**Your task:** Every line of the material should be output exactly as written.

**Dataset records:**

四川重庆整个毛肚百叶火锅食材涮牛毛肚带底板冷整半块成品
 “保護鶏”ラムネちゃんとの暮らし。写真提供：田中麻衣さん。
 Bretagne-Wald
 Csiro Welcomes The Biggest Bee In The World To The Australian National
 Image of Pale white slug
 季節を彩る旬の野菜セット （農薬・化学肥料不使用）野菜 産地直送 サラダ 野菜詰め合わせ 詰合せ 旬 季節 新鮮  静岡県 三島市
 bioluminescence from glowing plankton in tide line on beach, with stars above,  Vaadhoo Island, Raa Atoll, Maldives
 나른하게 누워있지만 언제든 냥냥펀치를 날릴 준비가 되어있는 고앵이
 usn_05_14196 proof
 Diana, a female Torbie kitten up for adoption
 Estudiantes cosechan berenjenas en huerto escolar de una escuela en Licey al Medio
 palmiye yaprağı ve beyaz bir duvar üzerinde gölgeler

**Task solution:**
四川重庆整个毛肚百叶火锅食材涮牛毛肚带底板冷整半块成品
 “保護鶏”ラムネちゃんとの暮らし。写真提供：田中麻衣さん。
 Bretagne-Wald
 Csiro Welcomes The Biggest Bee In The World To The Australian National
 Image of Pale white slug
 季節を彩る旬の野菜セット （農薬・化学肥料不使用）野菜 産地直送 サラダ 野菜詰め合わせ 詰合せ 旬 季節 新鮮  静岡県 三島市
 bioluminescence from glowing plankton in tide line on beach, with stars above,  Vaadhoo Island, Raa Atoll, Maldives
 나른하게 누워있지만 언제든 냥냥펀치를 날릴 준비가 되어있는 고앵이
 usn_05_14196 proof
 Diana, a female Torbie kitten up for adoption
 Estudiantes cosechan berenjenas en huerto escolar de una escuela en Licey al Medio
 palmiye yaprağı ve beyaz bir duvar üzerinde gölgeler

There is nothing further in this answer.